*** Begin section ***
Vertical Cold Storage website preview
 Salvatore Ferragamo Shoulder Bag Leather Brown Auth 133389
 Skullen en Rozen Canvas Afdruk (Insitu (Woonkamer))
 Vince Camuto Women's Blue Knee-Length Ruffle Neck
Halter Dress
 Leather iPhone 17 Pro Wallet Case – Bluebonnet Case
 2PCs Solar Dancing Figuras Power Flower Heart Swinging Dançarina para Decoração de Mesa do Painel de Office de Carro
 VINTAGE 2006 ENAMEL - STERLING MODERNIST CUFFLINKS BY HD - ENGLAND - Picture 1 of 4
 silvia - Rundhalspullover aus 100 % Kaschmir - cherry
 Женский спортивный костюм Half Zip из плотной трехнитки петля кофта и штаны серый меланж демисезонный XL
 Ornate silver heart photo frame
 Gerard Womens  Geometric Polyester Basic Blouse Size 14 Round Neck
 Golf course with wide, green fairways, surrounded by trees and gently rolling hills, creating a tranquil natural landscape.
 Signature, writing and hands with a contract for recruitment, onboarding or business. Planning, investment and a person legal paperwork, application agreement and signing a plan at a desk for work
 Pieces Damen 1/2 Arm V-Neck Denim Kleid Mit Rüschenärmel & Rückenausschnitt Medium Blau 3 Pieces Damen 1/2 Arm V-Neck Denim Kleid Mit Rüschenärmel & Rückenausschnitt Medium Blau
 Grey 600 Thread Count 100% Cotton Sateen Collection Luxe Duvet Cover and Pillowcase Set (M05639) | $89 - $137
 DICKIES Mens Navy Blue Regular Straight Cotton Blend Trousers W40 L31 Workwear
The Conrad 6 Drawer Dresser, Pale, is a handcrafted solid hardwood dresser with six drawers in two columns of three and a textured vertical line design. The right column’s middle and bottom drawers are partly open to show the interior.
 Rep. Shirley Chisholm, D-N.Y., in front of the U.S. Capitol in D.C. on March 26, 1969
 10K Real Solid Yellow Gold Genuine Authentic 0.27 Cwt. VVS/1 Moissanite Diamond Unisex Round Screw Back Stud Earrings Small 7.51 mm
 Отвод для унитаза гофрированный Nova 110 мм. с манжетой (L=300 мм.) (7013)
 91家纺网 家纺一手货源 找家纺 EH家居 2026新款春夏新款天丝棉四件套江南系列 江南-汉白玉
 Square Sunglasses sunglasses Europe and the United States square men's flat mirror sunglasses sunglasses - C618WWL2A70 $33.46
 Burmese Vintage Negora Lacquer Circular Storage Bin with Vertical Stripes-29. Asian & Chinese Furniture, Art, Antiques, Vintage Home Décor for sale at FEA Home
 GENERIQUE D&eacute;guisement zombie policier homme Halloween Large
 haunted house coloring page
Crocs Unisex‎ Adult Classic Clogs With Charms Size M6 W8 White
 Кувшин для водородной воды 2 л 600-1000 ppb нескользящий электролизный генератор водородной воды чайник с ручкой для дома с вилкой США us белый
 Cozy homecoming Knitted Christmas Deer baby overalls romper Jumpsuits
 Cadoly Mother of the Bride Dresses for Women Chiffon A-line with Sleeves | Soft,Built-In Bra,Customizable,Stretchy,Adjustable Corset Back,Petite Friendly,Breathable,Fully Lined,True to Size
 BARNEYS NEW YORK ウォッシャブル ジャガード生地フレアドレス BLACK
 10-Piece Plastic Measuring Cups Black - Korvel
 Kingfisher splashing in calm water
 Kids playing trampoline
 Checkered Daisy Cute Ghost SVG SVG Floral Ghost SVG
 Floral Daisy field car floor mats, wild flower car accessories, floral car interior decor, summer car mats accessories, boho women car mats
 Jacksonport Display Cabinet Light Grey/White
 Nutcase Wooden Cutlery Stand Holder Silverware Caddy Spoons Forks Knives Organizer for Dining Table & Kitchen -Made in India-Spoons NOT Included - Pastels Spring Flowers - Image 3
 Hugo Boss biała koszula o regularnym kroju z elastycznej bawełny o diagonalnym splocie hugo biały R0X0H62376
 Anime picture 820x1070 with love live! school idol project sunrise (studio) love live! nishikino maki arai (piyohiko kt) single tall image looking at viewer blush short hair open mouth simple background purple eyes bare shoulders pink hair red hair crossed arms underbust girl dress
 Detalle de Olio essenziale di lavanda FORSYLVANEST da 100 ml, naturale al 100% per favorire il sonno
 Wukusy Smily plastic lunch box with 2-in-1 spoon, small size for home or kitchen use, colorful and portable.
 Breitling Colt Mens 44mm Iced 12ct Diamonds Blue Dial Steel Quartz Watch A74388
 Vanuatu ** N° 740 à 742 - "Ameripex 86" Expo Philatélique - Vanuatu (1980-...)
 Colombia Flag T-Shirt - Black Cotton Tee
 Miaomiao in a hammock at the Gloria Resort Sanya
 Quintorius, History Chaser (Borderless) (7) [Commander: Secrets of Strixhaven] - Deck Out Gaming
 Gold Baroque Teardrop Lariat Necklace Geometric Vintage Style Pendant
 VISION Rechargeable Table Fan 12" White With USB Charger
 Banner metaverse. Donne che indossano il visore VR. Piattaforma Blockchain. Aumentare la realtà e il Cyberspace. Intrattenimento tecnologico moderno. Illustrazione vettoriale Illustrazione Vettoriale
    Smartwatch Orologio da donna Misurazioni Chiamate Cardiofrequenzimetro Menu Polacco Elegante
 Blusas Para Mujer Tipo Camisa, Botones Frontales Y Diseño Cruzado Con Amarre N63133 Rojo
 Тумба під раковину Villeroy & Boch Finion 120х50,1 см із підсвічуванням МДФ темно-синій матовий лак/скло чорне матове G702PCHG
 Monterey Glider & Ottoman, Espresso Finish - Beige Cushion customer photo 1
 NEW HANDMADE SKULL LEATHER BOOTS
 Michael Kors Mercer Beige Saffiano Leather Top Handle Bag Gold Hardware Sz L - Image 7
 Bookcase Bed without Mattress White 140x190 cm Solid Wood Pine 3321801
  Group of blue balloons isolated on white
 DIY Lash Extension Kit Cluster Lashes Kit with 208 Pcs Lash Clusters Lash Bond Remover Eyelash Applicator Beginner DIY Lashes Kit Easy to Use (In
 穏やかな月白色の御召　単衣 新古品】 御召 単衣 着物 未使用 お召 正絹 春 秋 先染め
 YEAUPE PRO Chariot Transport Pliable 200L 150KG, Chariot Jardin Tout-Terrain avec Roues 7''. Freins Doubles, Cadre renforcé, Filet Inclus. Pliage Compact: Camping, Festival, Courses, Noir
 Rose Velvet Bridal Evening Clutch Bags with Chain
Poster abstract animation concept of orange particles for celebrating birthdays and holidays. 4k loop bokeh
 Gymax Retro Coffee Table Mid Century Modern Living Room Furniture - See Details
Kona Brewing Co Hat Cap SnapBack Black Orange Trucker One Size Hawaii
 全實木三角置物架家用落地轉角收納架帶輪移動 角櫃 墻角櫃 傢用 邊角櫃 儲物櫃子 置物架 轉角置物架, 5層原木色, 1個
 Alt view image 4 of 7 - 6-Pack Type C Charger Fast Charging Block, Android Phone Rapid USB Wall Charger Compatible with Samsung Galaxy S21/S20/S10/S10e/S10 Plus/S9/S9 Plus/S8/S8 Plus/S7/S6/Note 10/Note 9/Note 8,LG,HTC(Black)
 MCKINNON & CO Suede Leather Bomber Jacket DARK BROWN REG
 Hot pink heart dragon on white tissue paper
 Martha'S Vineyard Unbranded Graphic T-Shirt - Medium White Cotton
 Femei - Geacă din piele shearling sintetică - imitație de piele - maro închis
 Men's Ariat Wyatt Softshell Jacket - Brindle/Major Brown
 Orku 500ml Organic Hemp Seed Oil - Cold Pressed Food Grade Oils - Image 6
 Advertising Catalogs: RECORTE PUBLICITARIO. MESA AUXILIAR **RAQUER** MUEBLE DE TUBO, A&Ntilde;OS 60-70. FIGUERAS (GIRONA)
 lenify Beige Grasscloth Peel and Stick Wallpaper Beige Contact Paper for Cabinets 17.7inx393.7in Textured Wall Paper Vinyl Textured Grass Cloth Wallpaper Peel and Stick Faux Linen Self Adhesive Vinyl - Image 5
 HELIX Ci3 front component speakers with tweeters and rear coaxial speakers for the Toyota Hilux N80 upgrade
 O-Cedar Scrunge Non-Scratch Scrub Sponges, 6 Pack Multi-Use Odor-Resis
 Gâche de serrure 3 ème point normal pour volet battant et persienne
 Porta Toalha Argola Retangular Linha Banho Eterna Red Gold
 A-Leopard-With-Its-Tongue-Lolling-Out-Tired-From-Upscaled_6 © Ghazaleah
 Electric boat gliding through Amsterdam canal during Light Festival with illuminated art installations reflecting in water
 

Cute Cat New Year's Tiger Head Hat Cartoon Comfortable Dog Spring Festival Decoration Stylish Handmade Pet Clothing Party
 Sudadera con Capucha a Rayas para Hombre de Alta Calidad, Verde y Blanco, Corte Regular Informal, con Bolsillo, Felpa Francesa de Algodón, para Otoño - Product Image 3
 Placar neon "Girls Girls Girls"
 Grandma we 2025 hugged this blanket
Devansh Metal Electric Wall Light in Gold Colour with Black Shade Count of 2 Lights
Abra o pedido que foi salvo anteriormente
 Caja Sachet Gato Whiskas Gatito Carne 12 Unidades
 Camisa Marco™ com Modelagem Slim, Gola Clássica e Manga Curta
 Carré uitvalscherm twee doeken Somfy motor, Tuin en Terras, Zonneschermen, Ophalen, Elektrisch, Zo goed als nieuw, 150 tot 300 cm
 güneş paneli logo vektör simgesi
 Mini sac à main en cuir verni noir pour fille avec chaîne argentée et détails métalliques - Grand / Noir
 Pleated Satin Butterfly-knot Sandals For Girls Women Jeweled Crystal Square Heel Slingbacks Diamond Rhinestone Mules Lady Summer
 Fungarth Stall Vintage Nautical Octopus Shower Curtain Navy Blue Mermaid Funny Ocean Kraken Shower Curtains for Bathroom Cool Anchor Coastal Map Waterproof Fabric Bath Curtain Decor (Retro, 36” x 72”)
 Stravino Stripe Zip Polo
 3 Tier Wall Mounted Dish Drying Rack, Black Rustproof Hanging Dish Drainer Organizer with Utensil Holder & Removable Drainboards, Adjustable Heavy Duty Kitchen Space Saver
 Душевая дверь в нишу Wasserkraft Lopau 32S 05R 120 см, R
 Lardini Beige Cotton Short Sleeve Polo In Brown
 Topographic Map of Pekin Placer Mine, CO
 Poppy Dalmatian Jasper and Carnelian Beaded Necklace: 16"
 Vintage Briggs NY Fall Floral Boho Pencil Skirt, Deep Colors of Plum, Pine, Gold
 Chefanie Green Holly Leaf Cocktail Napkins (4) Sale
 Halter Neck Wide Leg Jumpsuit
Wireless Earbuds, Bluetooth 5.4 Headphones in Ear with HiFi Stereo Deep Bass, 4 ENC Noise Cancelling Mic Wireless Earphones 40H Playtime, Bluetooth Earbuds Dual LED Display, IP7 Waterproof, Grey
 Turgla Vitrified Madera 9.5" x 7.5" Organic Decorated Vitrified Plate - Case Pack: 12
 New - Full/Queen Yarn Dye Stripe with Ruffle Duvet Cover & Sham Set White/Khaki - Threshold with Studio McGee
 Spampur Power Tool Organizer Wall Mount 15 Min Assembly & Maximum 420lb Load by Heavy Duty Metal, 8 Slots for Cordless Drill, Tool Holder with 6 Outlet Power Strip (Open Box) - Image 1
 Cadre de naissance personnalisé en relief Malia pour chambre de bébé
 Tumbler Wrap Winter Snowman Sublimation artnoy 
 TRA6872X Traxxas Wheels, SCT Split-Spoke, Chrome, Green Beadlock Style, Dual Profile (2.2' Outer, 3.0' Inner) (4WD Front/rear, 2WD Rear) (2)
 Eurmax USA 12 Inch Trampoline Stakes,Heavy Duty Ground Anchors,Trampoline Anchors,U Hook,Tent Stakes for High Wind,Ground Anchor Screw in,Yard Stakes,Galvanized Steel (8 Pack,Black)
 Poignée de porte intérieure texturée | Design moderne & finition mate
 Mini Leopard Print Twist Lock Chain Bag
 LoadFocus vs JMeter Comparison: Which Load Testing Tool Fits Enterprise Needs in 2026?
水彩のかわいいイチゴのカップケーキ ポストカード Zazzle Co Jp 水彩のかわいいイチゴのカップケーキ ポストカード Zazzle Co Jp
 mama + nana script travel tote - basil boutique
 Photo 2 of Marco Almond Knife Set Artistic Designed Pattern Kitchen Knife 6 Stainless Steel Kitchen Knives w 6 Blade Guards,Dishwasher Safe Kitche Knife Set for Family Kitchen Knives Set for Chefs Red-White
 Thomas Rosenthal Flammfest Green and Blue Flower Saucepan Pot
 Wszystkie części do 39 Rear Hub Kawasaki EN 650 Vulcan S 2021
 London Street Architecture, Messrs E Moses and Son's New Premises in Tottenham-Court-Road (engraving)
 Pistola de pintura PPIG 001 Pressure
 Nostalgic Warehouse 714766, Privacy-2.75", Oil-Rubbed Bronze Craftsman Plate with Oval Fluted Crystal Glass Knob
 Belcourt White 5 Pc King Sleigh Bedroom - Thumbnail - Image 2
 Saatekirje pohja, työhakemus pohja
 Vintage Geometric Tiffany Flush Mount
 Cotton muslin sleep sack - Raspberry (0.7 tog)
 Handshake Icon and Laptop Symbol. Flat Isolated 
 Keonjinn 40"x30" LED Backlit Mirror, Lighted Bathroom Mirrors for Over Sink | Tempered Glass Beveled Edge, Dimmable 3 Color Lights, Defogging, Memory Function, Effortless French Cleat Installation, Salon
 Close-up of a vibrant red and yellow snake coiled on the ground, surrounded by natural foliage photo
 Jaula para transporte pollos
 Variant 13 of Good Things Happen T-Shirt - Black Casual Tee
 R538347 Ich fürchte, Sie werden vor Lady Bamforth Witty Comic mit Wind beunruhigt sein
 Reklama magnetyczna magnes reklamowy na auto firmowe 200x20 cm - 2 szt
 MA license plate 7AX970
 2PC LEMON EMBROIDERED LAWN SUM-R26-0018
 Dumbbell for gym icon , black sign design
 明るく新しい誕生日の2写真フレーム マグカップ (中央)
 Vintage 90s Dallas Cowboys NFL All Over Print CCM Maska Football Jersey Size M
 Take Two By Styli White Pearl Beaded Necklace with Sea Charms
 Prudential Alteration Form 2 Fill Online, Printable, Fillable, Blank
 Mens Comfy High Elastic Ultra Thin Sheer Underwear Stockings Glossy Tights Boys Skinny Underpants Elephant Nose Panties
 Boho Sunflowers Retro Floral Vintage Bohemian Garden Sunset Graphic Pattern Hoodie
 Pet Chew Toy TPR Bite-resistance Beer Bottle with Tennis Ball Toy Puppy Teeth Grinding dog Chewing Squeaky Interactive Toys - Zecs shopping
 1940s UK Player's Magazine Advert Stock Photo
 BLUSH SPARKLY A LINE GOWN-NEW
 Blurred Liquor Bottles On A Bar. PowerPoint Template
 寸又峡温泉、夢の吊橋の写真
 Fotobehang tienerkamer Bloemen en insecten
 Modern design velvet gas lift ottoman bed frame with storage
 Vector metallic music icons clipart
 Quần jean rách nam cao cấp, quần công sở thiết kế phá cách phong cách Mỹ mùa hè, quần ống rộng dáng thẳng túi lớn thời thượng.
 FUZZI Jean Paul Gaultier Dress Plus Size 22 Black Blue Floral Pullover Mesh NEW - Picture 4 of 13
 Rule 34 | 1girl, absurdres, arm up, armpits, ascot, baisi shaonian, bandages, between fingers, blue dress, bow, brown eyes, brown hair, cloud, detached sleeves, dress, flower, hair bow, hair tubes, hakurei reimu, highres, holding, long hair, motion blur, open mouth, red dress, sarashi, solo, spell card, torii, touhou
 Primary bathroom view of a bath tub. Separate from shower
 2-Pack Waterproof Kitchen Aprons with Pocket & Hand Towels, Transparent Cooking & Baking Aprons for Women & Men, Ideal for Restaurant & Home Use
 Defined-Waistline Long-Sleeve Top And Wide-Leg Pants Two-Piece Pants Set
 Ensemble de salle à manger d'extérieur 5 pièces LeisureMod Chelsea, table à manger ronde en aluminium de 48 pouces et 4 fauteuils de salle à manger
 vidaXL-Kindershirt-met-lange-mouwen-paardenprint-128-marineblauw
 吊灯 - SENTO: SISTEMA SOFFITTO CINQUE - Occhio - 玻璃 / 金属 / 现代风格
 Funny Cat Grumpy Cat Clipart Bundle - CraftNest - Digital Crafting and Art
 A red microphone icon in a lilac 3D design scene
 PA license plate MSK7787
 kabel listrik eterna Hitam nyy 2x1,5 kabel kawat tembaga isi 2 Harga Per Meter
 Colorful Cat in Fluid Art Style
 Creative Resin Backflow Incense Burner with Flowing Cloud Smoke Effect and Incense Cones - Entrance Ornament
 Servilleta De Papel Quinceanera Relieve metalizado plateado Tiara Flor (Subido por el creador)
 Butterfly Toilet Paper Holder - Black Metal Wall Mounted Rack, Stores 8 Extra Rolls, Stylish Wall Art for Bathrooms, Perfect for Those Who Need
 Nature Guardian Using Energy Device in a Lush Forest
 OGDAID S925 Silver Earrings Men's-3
*** End section ***
* **What you have to do**
Look through the entries above for the word "pour". Say how many lines contain it, using only a number.

* **Exercise result**
3